With the publication of his new book Discourse in Old Norse Literature from our Studies in Old Norse Literature series, Eric Shane Bryan considers ‘the Viking problem’ and how his book is valuable because it is not a book about Vikings.
Vikings have recently suffered from a rather serious identity crisis. On the one hand, pop-cultural phenomena like the historical fantasy show Vikings, Bernard Cornwell novels, and numerous websites and creative anachronisms represent a rise in the popular estimation of Vikings. Nor is this growing interest relegated to pop-culture: university programs (a quick internet search produces programs in “Viking Studies,” “Vikings and Medieval Norse Studies,” and “Viking and Old Norse Studies,” all from well-established universities) and scholarly publications employ the word “Viking” in their titles. On the other hand, far-right, white-supremacist groups regularly misappropriate ancient Norse symbols and stories often assumed, rightly or wrongly, to be connected with the Vikings. This identity crisis has prompted scholars and teachers of medieval Scandinavian studies to reflect seriously upon how to counteract such misappropriations while preserving an interest in medieval Scandinavian studies (see here for an even-handed discussion of these concerns), asking questions like Does academia bear some responsibility for romanticizing and glorifying the Vikings, thereby inadvertently encouraging such misappropriations? and How ought we respond to such misappropriations?

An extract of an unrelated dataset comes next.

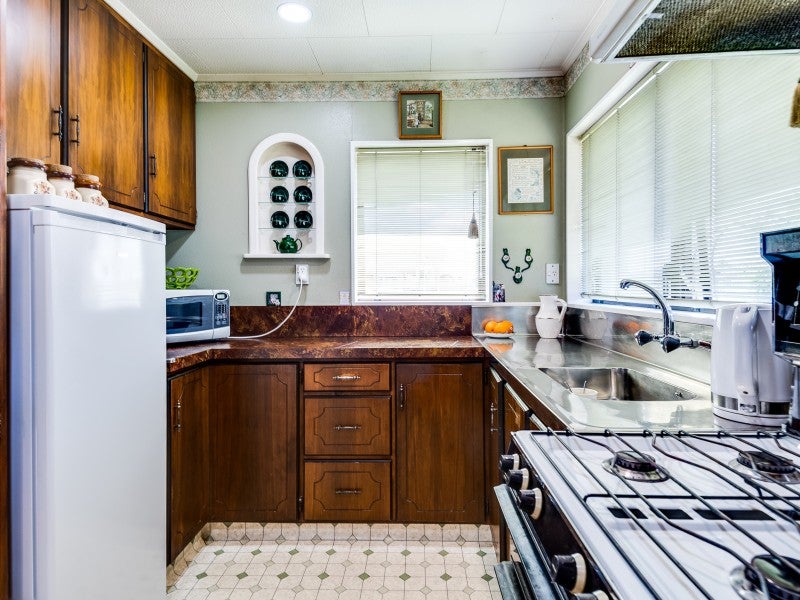 307 Willowpark Rd N, Mayfair, Hastings - Carousel 2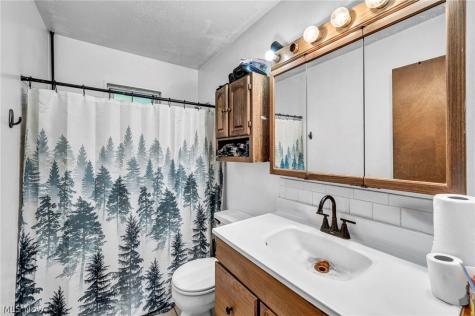 1692 Swartz Road Mogadore OH 44260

It is my hope that Discourse in Old Norse Literature will in some small way offer another perspective from which to consider the Viking problem, though not because it is a book about Vikings. This book may in fact be of value specifically because it is not a book about Vikings; it is a book about people (very few of whom are Vikings) and how they talk with one another in Old Norse-Icelandic literature. Readers of this book will, I hope, come away feeling as though they have had a series of conversations with some of the great voices of the medieval Scandinavia world: kings and queens, heroes and villains, missionaries, farmers, and others from different walks of life.
The Vikings represent one of those voices because they are a part of cultural and linguistic history, but they rarely come off in a positive light in Old Norse literature. Most of the positive “Viking” characteristics romanticized today—honor, heroism, a sense of adventure, a distain for authority—have their origins not in the bands of raider/explorer/slave-traders referred to as Vikings but in other Scandinavian cultural phenomena. What we are left with after separating out all those noble qualities are groups of bad people doing bad things in boats.
Scholars and teachers are not often confused about this point, and anyone who teaches a course on the “Viking Age” or “Viking Literature” will take time on the very first day of class to point out that the Vikings were in fact a small, if influential percentage of the medieval Scandinavian population. A book like Discourse in Old Norse Literature will, I hope, help separate out the good from the bad by revealing how verbal exchanges were used in the literature often associated with the Vikings. One of the qualities that tends to be attributed to the Vikings is how they talk. Heroic yet aggressive verbal dueling conjures images of nineteenth-century romanticized Vikings facing off with one another before a fight, but these verbal exchanges are not unique to Vikings. Discourse in Old Norse Literature demonstrates that this type of heroic speech is ubiquitous in Old Norse sagas, employed for the purposes of establishing one’s self-worth. As the medieval world experiences several major societal changes—from paganism to Christianity, from orality to literacy, and from local chieftaincies to nation states—these tactics of verbal sparring wane and other types of self-validation take over.
Upon final analysis, I suggest here that we would be wrong to scrub the word Viking from our histories (as I have heard some scholars suggest we do), because doing so would omit a significant and very real part, for better or worse, of the medieval world. We can however put Vikings in their place. The Vikings were not good people, but many of the cultural characteristics and qualities now associated with them were good and should at least be acknowledged for their historical and cultural value. Discourse in Old Norse Literature is not a book about the Vikings, but it will, I hope, help broaden the medieval Scandinavian world by placing readers into conversations with voices of the past.